First off, let's talk about how you chose, as a white person, to create a circumstance in which a black person would have to be taught about how to not be racist by a white person. Let's just take a look at that.
Second, let's talk about how there is a distinction between "prudes" and "people that you have offended by being racist." Shit and fuck? Those are words that people might feel offended by. They are "strong language." The word nigger's offensiveness does not stem from how "strong" it is, it stems from how it is a word that was used (and is being used, now) BY WHITE PEOPLE to OPPRESS BLACK PEOPLE. So having Ender (a white person) call Alai (a black person) a nigger is not at all the same as having people of any race say "fuck you" to other people.

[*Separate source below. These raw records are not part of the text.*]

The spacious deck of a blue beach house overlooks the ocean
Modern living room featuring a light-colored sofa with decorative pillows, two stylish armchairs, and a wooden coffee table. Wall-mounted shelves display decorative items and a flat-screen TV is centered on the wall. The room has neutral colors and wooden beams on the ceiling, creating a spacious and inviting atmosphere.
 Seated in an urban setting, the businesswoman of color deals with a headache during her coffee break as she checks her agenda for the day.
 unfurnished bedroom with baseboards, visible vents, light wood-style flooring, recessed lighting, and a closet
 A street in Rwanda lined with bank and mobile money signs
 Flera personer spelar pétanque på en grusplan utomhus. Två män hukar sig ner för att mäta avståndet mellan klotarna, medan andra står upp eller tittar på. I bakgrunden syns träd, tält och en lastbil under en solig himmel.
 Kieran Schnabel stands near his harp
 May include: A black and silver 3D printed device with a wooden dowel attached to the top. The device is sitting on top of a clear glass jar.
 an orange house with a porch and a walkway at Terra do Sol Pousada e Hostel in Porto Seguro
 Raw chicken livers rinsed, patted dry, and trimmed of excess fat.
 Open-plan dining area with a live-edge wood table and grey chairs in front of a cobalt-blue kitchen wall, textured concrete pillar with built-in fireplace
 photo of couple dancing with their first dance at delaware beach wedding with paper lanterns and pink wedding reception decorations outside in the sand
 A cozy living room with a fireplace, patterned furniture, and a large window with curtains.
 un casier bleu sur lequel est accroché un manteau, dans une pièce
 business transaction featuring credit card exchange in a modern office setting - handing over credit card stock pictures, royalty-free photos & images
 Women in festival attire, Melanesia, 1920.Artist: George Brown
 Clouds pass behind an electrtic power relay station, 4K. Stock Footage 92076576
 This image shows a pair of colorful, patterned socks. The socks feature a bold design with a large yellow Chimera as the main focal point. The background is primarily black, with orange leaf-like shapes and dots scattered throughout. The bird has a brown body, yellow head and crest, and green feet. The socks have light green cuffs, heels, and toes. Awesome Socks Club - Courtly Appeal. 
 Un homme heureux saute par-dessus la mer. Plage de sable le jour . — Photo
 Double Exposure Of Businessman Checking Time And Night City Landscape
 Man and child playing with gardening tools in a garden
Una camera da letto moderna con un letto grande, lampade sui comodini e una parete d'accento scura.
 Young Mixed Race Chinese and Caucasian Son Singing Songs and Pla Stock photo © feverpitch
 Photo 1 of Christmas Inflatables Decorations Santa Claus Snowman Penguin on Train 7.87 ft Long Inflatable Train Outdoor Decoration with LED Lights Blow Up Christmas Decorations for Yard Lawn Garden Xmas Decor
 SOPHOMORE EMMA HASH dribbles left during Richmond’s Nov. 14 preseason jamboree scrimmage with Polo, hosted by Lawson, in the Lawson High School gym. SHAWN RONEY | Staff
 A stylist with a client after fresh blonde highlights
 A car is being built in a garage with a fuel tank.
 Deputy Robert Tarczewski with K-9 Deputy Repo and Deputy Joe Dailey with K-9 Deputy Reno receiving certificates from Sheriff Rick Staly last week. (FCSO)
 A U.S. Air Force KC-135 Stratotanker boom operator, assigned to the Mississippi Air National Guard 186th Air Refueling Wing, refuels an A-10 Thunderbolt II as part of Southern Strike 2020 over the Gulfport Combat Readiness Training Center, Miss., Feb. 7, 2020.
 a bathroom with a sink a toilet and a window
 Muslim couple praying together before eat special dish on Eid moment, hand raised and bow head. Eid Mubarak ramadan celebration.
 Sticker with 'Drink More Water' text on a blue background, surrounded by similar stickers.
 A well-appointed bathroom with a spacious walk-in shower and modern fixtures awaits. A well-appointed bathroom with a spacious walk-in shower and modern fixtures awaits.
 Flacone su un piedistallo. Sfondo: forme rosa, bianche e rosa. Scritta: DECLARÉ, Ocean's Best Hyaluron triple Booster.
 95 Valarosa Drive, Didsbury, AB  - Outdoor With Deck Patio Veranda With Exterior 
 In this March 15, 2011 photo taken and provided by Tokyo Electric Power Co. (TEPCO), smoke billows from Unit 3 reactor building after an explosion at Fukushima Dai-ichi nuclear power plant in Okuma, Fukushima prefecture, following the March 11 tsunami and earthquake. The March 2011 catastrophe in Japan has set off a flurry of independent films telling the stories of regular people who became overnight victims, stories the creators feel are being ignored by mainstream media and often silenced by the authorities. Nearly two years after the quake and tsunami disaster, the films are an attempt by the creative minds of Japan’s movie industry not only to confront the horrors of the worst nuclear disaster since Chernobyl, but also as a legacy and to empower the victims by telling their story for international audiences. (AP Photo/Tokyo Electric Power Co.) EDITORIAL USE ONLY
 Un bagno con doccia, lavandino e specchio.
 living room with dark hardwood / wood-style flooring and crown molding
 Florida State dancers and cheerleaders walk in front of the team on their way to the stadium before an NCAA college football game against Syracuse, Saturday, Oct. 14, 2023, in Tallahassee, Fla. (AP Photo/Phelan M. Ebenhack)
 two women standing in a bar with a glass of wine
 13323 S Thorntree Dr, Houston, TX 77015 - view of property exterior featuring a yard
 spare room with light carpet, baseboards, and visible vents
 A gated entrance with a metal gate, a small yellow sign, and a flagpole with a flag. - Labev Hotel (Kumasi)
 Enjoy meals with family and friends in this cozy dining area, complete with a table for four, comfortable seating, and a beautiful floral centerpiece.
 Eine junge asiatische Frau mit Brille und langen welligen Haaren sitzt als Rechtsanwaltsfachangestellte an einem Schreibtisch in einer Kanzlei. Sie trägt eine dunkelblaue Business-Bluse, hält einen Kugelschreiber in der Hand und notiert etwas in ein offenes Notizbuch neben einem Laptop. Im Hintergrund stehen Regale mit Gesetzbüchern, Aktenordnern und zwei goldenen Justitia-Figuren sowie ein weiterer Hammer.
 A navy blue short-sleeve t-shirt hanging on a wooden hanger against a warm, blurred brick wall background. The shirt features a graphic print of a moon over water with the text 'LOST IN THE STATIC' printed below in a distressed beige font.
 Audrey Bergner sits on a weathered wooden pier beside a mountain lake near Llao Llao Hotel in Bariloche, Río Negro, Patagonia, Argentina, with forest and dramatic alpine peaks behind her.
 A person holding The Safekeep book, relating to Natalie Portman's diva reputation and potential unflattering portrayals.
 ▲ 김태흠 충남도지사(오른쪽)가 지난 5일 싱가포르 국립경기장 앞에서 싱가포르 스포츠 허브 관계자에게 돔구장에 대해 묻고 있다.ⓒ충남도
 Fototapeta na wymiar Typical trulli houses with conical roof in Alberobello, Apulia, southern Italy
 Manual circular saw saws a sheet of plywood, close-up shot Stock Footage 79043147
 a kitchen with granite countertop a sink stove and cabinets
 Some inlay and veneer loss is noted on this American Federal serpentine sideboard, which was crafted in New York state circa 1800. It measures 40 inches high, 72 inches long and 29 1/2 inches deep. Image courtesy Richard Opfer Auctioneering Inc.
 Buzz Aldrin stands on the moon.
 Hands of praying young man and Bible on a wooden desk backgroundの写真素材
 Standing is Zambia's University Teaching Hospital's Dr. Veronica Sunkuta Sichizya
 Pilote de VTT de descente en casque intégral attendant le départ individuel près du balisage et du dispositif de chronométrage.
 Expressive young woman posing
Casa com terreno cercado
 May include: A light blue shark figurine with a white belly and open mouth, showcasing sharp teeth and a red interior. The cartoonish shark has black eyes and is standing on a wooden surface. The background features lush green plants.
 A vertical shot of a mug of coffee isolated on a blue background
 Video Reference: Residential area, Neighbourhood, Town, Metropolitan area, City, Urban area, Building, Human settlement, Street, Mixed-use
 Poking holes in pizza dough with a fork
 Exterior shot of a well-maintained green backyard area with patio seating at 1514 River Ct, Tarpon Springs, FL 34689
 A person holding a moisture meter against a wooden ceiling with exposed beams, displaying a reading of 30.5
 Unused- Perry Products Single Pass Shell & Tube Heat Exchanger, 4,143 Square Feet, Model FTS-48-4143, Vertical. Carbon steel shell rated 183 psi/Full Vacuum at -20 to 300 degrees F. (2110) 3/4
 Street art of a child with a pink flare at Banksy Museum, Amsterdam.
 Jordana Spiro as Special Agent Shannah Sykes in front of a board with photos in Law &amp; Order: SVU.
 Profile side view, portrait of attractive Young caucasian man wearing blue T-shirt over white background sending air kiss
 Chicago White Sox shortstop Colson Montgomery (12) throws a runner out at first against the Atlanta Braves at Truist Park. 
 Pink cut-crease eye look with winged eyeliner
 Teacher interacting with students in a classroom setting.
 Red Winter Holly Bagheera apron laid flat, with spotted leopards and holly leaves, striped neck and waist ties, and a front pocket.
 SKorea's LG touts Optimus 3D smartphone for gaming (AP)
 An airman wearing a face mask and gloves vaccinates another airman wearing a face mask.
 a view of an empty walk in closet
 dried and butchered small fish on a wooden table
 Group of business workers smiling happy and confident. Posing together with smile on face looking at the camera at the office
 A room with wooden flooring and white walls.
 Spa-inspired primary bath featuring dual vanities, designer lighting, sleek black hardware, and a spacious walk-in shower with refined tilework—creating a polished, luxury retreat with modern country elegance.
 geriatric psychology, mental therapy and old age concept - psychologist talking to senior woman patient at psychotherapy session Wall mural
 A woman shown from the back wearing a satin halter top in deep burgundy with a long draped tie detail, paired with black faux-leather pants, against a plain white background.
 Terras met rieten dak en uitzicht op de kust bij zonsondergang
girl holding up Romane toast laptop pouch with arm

It replicates the power imbalance and the violence that we, if we are not racist scumbags, are trying to move AWAY from in the US. There is no prudishness involved here. This is not a case of feeling that the word is improper, this is the use of a word that actually hurts people and contributes to systemic inequality.
Thirdly, let's talk about that second paragraph there. The moral that OSC seems to be trying to impart is apparently: if you, as a person of color, say something racist, you deserve to be put in your place by having someone use racial violence against you. You "choose to live in the kind of world where you would be called 'n*'."
But there's no way that a white person- there's no way that Ender- would ever be at risk of making that choice. They could never choose to open themselves up to racial invective, because there aren't any structurally racist words that apply to white people. If there were, the logical conclusion of that scene would have been Ender getting his comeuppance for using a racist term: after calling Alai a nigger, Ender would have been called something racist. But that didn't happen, because white people apparently don't have to follow the same "tit-for-tat" rules that people of color do.
So my feelings on Ender's Game are now basically: fuck that shit. I loved this book, but OSC, while he may be a gifted writer, is a racist, homophobic, sexist douchebag, and that stuff doesn't just magically not get included in his writing. It's there, and I hate it, and I don't think I'll ever be able to read this book, that was my favorite book, again.
*Transcription:
They grinned. Then Ender said, "Better invite Bernard."
Alai cocked an eyebrow. "Oh?"
"And Shen."
"That little butt-wiggler?"
Ender decided that Alai was joking. "If you didn't hold yours so tight it would wiggle, too."
Note: I've chosen not to discuss some other problematic portions of the book, including the gender essentialism (apparently girls tend not to pass the tests to get into Battle School, because there are "too many centuries of evolution working against them" or some bullshit); the whole thing about how OSC has written it so that Jews think they're the shit, but they actually suck; a whole damn lot of adults saying "yes, we're abusing these kids, but it's totally justified because: alien menace, so we'll joke about how horrible this is and then do it anyway!"; and the entire structure of Ender's growth, which reads like a perfect portrayal of someone who is being abused justifying their learned abuse of others.